Ainsi, la lutte pour les droits des femmes est concomitante des luttes écologistes depuis les années 1970.
Écoféminisme et Europe
Après cette brève revue historique et politique du mouvement écoféministe, la relation entre politique environnementale et politique pour l’égalité des sexes apparaît comme une évidence. Et ce d’autant plus dans un espace politique comme l’Union européenne, au sein duquel l’égalité femme homme et la protection de l’environnement sont des valeurs officielles inscrites dans ses traités.
Pourtant, certains chercheurs, lobbyistes et même membres des institutions européennes déplorent le manque de considération des inégalités femmes-hommes dans les politiques environnementales.
C’est ce que constate Gill Allwood, professeure en gender politics à l’Université de Nottingham et professeure associée au Collège d’Europe, dans une recherche publiée en 2014. Malgré les engagements officiels du Conseil européen, qui visent à “intégrer la perspective de genre dans tous les domaines politiques” et le fait que le développement durable et l’égalité femme-homme soient deux des quatre objectifs transversaux du développement de l’UE, Gill Allwood constate ainsi que les politiques liées au climat font souvent abstraction du genre.
Par exemple, les directives et documents associés de la Commission européenne sur les émissions de gaz à effets de serre publiés entre 2009 et 2012 ne font jamais référence aux inégalités et pressions supplémentaires exercées sur les femmes. Cette abstraction s’explique selon elle par l’existence d’un autre narratif mis en avant par la Commission et le Conseil européen pour justifier les politiques climatiques. Ce narratif économique et sécuritaire repose sur l’idée que le réchauffement climatique menace la compétitivité du marché européen et les frontières extérieures de l’UE. Les restrictions carbones sont ainsi promues par les innovations technologiques qu’elles vont permettre. Si ce n’est pas en soi une mauvaise façon de motiver la lutte contre le réchauffement climatique, elle a l’inconvénient d’être très technique et déconnectée des conséquences concrètes et immédiates dans le quotidien des européens.
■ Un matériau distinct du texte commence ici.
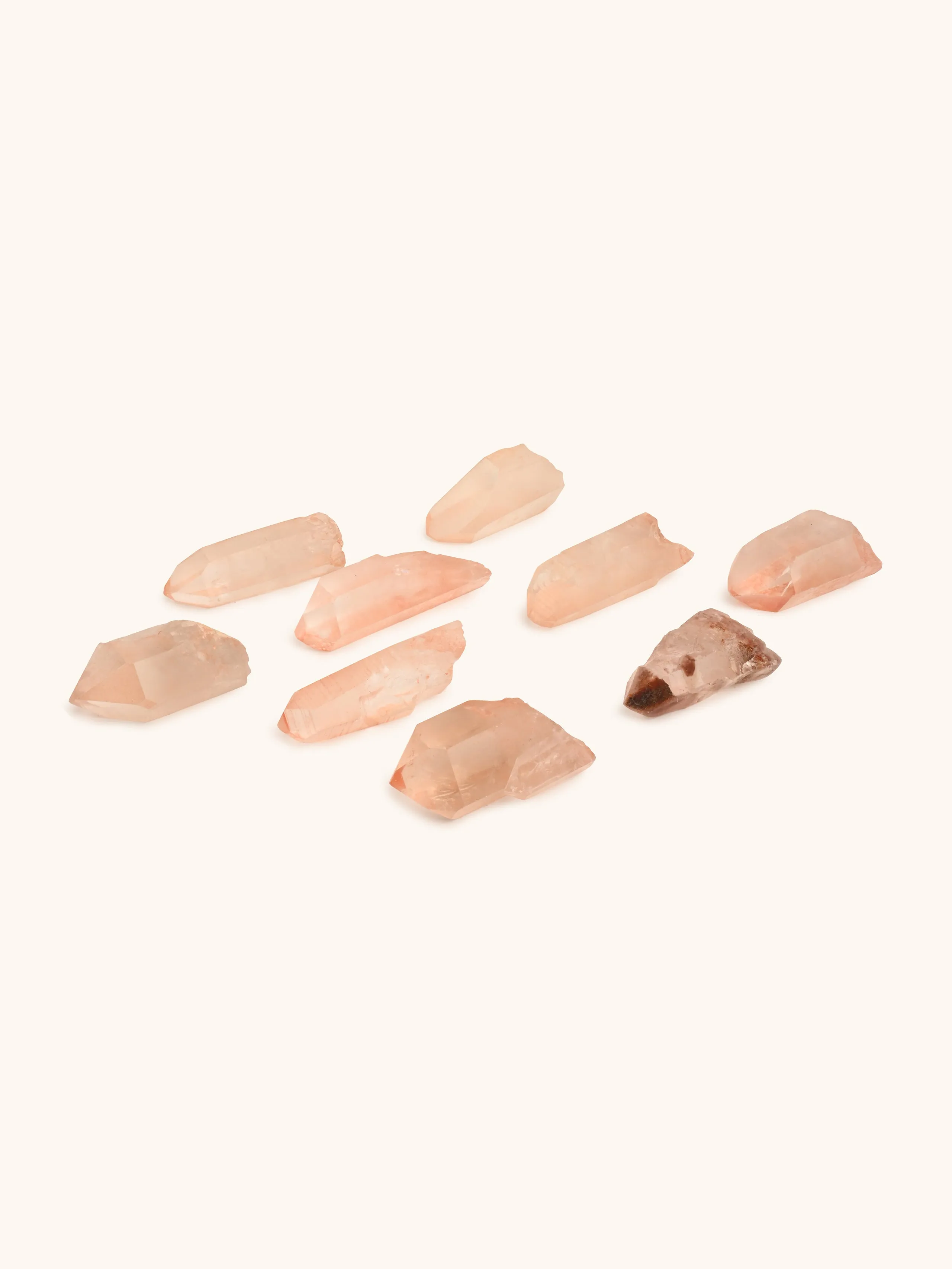 Pink Lemurian Rough Quartz Points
Plus récemment, le Green Deal proposé au début de son mandat par la Présidente de la Commission Ursula Von der Leyen a déçu par le manque de mesures spécifiques liées aux inégalités femme-homme. Pour l’eurodéputée suédoise écologiste Alice Kuhnke et la Secrétaire Générale du Lobby Européen des femmes, Joanna Maycock, l’absence de référence aux pressions supplémentaires exercées sur les femmes par le changement climatique est d’autant plus décevante que la lutte pour l’égalité était une promesse de la Présidente. Pour elles, Von der Leyen a été obligée de faire des concessions afin de rassembler les votes les plus conservateurs. Ainsi, on pourrait en partie expliquer l’absence de considération pour l’égalité des genres dans les politiques climatiques européennes par des pressions institutionnelles, qui rendent difficile l’existence de politiques intersectorielles.
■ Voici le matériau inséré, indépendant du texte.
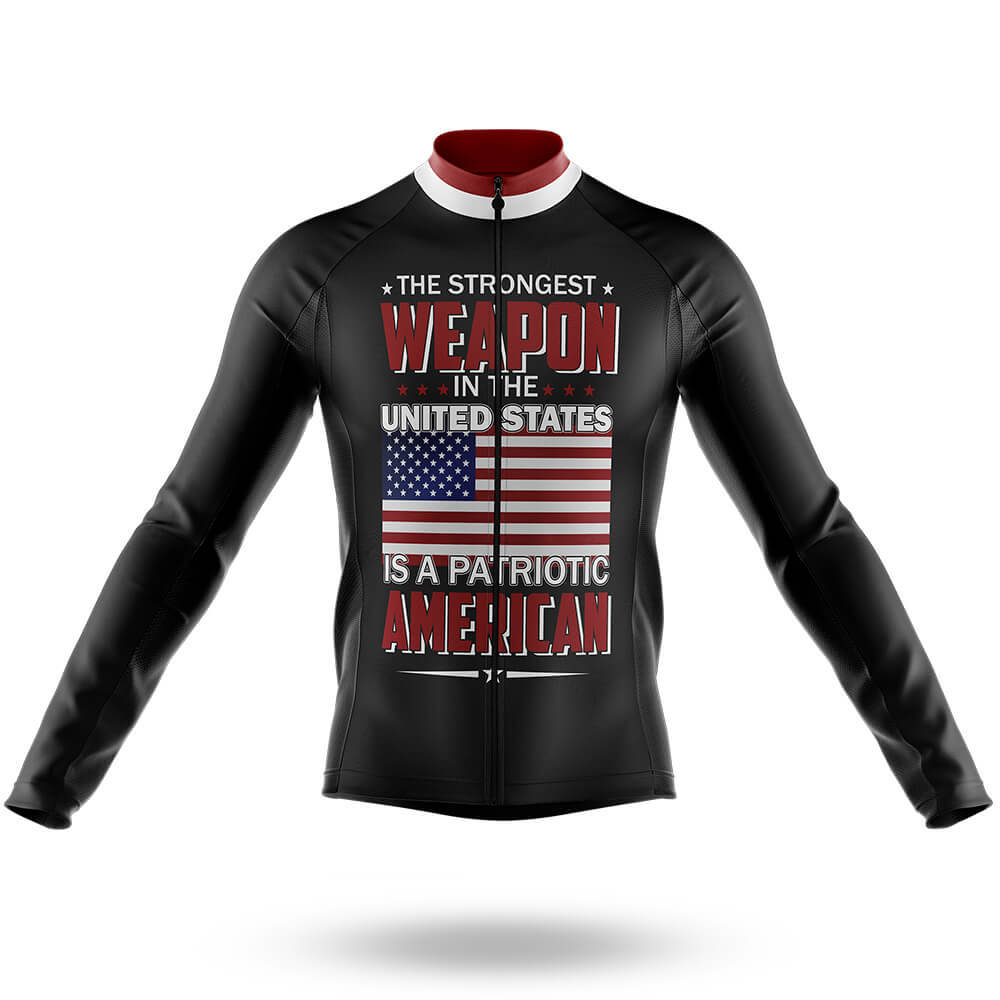 Strongest - Men's Cycling Kit-Long Sleeve Jersey-Global Cycling Gear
Nous pouvons alors nous demander si les engagements de l’Europe en faveur de la parité et de l’inclusion des femmes dans les processus de décisions sont suffisants et pertinents, et tirer de ces conclusions les bases d’un changement, en faveur d’une plus grande convergence entre les politiques environnementales et celles visant à atteindre l’égalité femme-homme.